The red crab is clearly not in danger of becoming extinct any time soon, but their existence is not without threat. Human built roads are a significant killer, so the local population built aluminium “crab fences” to ensure that the busiest stretches of road are crab free. They’ve also built “crab tunnels” underneath some sections of roads (above). A fair amount of effort is put into keeping the crabs away from high traffic areas for ecological reasons of course, but also because their tough exoskeletons can puncture car tyres and cause traffic accidents.

Another more sinister threat to the red crab is the amazingly titled yellow crazy ant. The yellow crazy ant was accidentally brought onto the island from Africa. The long-legged invasive species is called “crazy” because of the way it swings its legs around when it’s disturbed.

This species of ant is pretty hardcore, outcompeting or eating resident ant species and devouring anything they can find. They are intolerant of anything that lies in their path. Here is an unfortunate gecko being carried off by a group of crazy yellow ants in India:

The crazy ants, who have set up a number of super-colonies in Christmas Island’s forests, are not shy around the red crabs. The ants invade their burrows, kill and eat them.

The invasion of the yellow crazy ant has become a living, albeit unwanted, experiment on ecosystems, demonstrating just how important an individual species can be for the entire lifecycle of a forest. Areas where these super-colonies have decimated crab population have shown how essential these crabs are for the ecology around them. The red crabs turn over the forest floor’s soil and their dung fertilises the plants.

Seedlings that the crabs normally feed on are now allowed to grow unhindered and consequently the structure of the forest has changed. Weeds abound and a species of stinging tree, which the crabs normally keep in check, has returned in force.

The yellow ants are disturbed by the vast migratory march of the crab population, this triggers them to spray defensive formic acid. The formic acid gathers in such a cloud that the crabs are blinded and eventually killed by the spray. As they rot they are eaten by the ants.

The yellow crazy ants rely heavily on the honeydew produced by scale insects (like aphids) to survive. To ensure honeydew is in abundance crazy ants protect scale insect and encourage a boom in their population. This increase in sap-suckers has a negative impact on surrounding plant health as their lifeblood is unceasingly harvested.

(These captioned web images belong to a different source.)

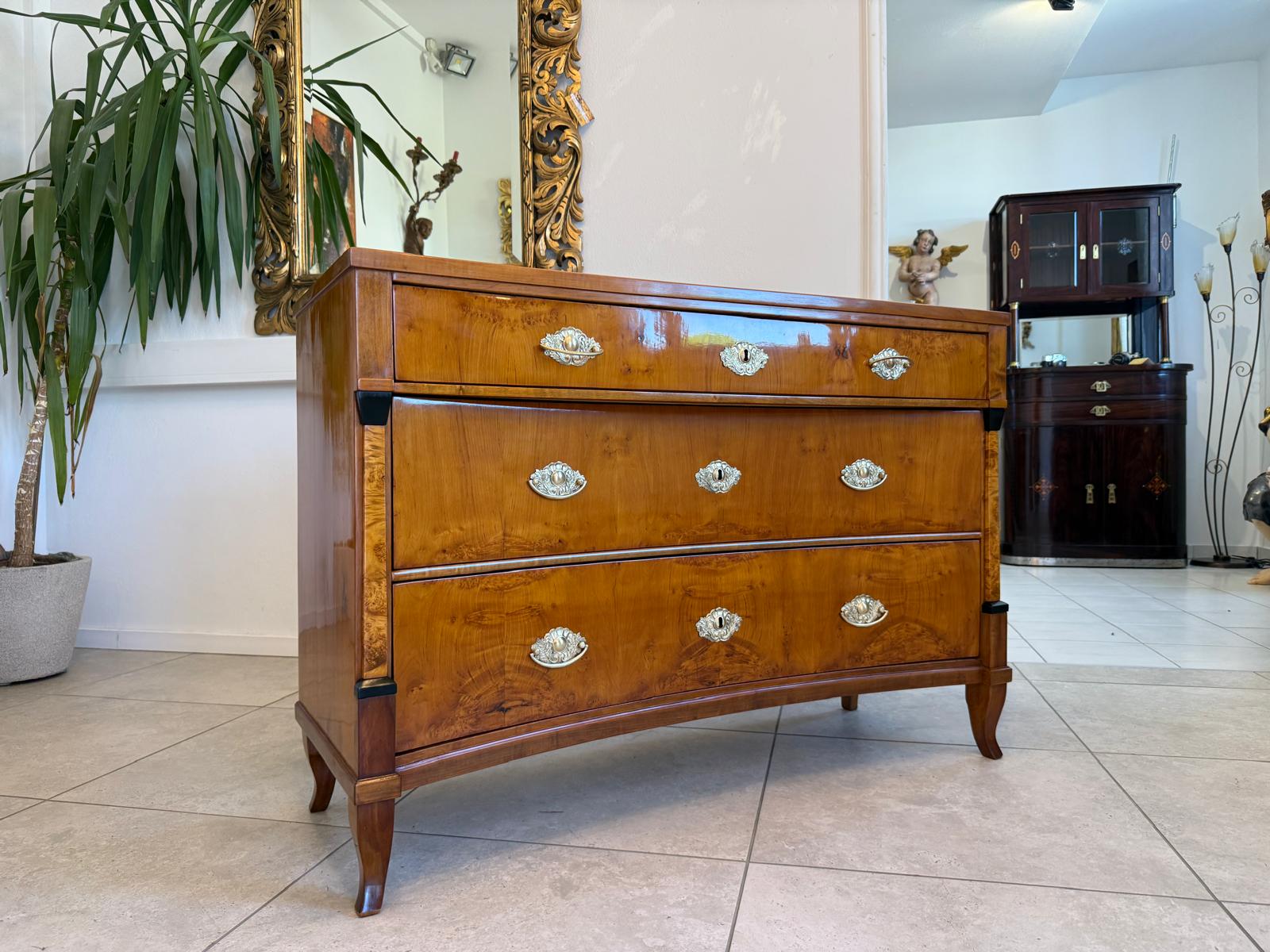 Restaurierte Empire / Biedermeier Kommode 3 Ladenkommode D2603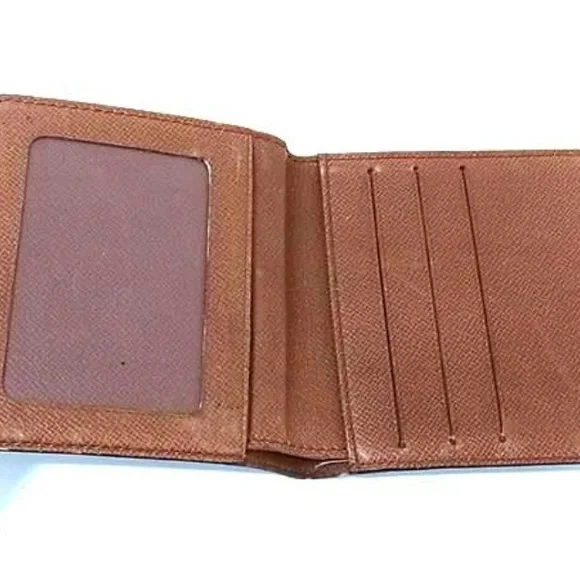 Louis Vuitton Monogram Bifold Wallet - Picture 4 of 6
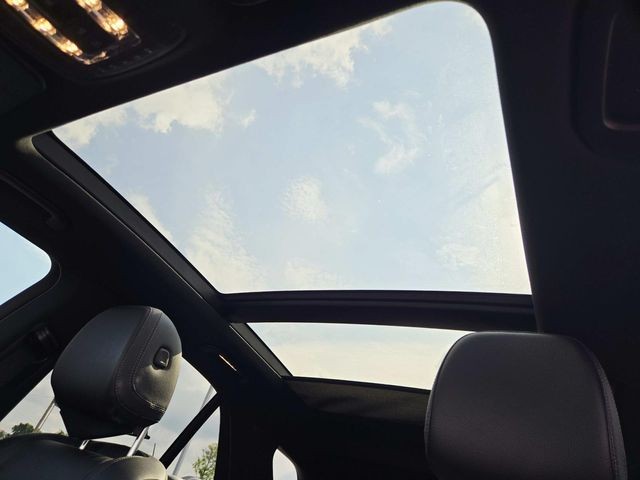Mercedes-Benz GLE Vehicle Full-screen Gallery Image 07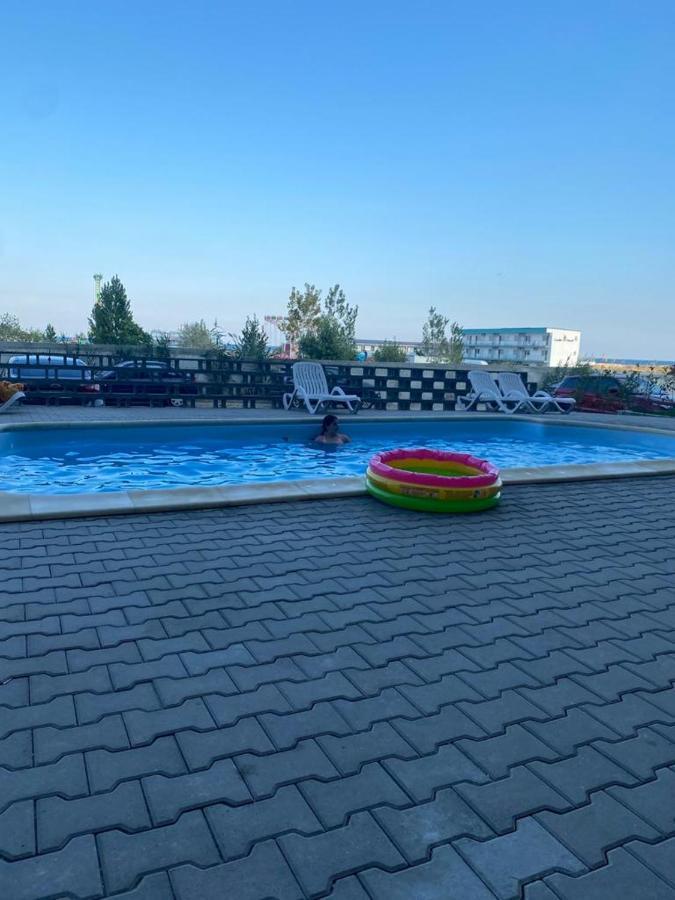 Emi Apartment Mamaia Navodari Ngoại thất bức ảnh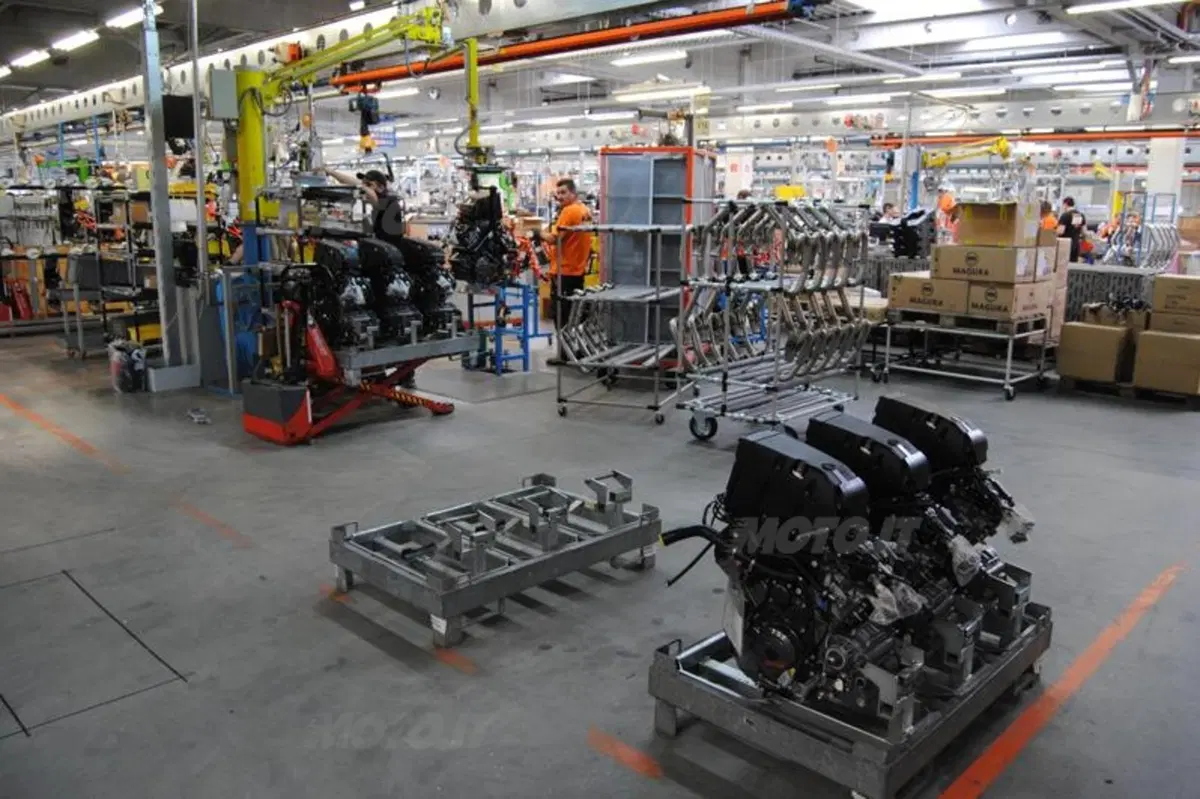 KTM: siamo stati a Mattighofen. Vi raccontiamo la fabbrica dei record (15)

So an increase in scale insects causes plant life to struggle, this in turn increases the amount of light that reaches the forest floor and causes a growth spurt in weeds. Added to that, ants often leave honeydew uneaten, this drips onto plants and encourages a black sooty mold to grow over tree trunks and other plants, hindering their growth further still.

The red crab isn’t the only type of crab that is suffering thanks to these invasive ant warriors. Below is a photo of the disturbingly sized robber crab, or coconut crab, the largest land dwelling arthropod in the world:

To date the red crab species is still flourishing in areas untouched by the ants, but as with other areas of the earth invaded by foreign ant intruders, their future remains unclear.

So the tale of the red crab is a tempestuous one. The rise in its numbers may have been caused by the deletion of its main predator by an imported rat species, and its demise may well come at the hands of an imported and crazy insect species. Easy come, easy go I guess.